IOWA CITY, Ia. — With the biggest game of the season looming, Iowa’s coach is in no rush to name his starting signal-caller.
Kirk Ferentz didn’t budge to play both Alex Padilla and Spencer Petras in the win at Nebraska, and knows they’re capable of leading the offense against Michigan in the Big Ten Championship Game.
The two completed a combined 13 of their 27 passes for 178 yards against the Huskers. However neither quarterback threw any interceptions. Not to mention they played on the road in a hostile environment, and that’s always a challenge in the Big Ten.
Both quarterbacks impressed Ferentz with their performance, which explains why he doesn’t want to let the cat out of the bag just yet.

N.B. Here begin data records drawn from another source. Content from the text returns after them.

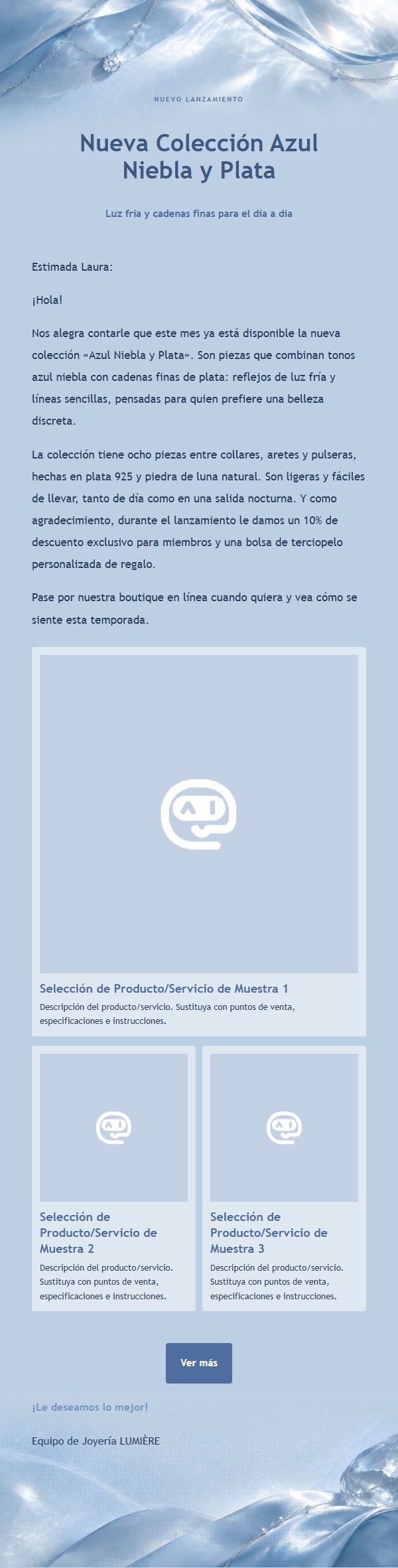 Carta de Joyería Azul Niebla y Plata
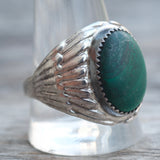 Vintage Sterling Malachite Ribbed Band Ring 12.5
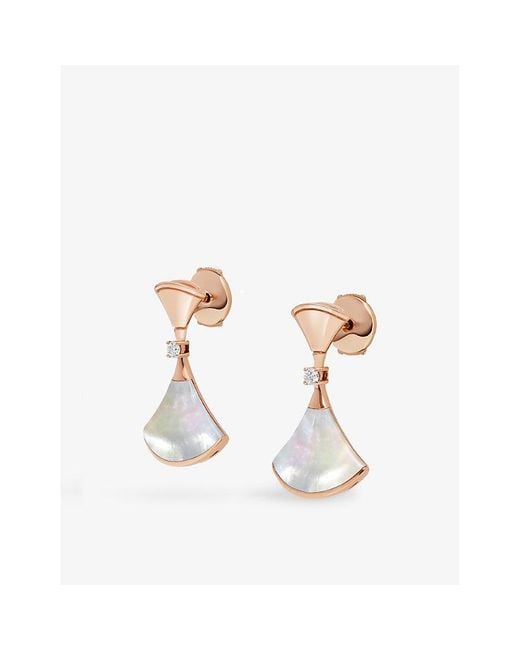 BVLGARI White Divas' Dream 18Ct Rose- 0.07Ct Diamond And Mother-Of-Pearl Earrings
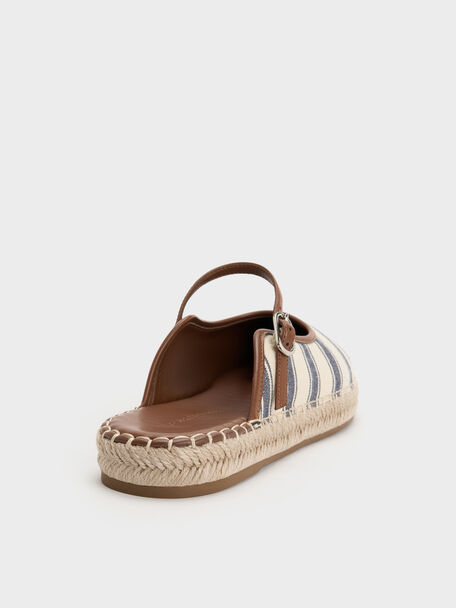 Striped Mary Jane Espadrille Mules, Dark Blue, hi-res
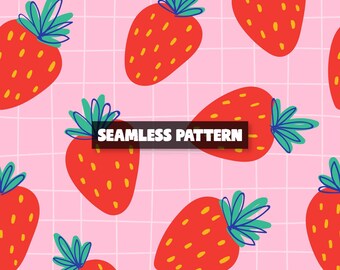 Retro Strawberry Seamless Pattern, Strawberry Digital Paper.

“Overall, I’ve been pleased with both guys, I think both of them have really performed well during the course of the year,” Ferentz said. “I’ve seen improvement with both guys, and we’re going into this week feeling good about our situation there.”
He has watched Petras and Padilla make it through the ups and the downs. Most importantly, they’ve responded when their teammates needed them to, so Ferentz doesn’t expect them to back down to the opposition.
This matchup is going to require whoever is taking the majority, if not all of the snaps, to be more than just a game manager, and they can’t depend on the Hawkeyes’ defense to set them up in good field position. The Wolverines will be the best defense the Hawkeyes will see this season, especially their front seven.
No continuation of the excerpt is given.